The commemorative events programme continues on March 12 with a March of the Living in Skopje in the morning, ending at the tobacco warehouse which in 1943 was used as the location from which the Jews were deported.
This will be followed by the wreath-laying at the monument to the 7144 Jews deported from what today is Macedonia, the event being attended by Borissov, Zaev and Berta Romano Nikolic. A commemorative event will be held at the Republic of Macedonia’s parliament.
The Macedonian government statement noted that on March 5, the parliament had adopted a declaration on the 75th anniversary of the deportation of the Jews, and on March 6, the government of Macedonia adopted the working definition of the International Holocaust Remembrance Alliance’s working definition of anti-Semitism.
Borissov’s visit to Skopje comes amid a significant improvement in relations against a backdrop of the good-neighbourliness bilateral agreement that has been approved and ratified by the governments and legislatures of the two countries.

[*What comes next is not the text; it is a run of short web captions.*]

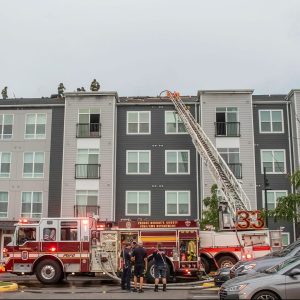 A firetruck with an extended ladder is parked in front of a modern apartment building. Firefighters are on the roof and several people stand near the truck, responding to an emergency.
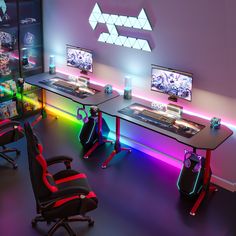 a gaming room with three monitors and two chairs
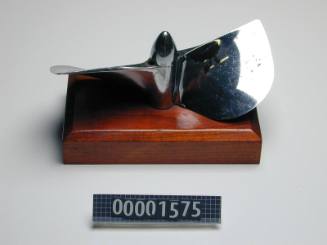 Propeller from Ken Frances speedboat MARLO mounted on a wooden block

During his one-day visit, the Bulgarian Prime Minister will hold talks with his Macedonian counterpart.
On the night of March 10, at a ceremony in the Central Synagogue in the Bulgarian capital, honours were conferred by the Organization of the Jews in Bulgaria “Shalom” on the Bulgarian government for its steps against anti-Semitism, including the adoption of the IHRA working definition of anti-Semitism and the appointment of a national co-ordinator of the fight against anti-Semitism.
Speaking at the ceremony in the Synagogue, World Jewish Congress President Ronald S Lauder thanked the Bulgarian government for its support of the Jewish community and its denunciation of the annual neo-Nazi march honoring Bulgaria’s notorious Nazi collaborator, Hristo Lukov.
“The World Jewish Congress is grateful for the efforts the Bulgarian government has made to combat anti-Semitism. While we understand that you could not stop the Lukov march, it is clear to us that most Bulgarian citizens were disgusted by it.
“And that’s in keeping with the fine traditions of your country. Today as Europe slides back into the old hatred of anti-Semitism, xenophobia, and bigotry, the EU is fortunate to have Bulgaria now in leadership. I believe Bulgaria will guide Europe at this crucial time with its strong moral compass, ” Lauder said.
The World Jewish Congress president paid moving tribute to the fact that in 1943, the Bulgarian Orthodox Church, some political leaders, intellectuals and members of civil society, as well as ordinary Bulgarians, succeeded in their efforts to prevent the deportation of Bulgarian Jews to the Holocaust. He joined in mourning for the 11 343 Jews deported from the adjoining territories that were then under Bulgarian administration, to be murdered in the Holocaust.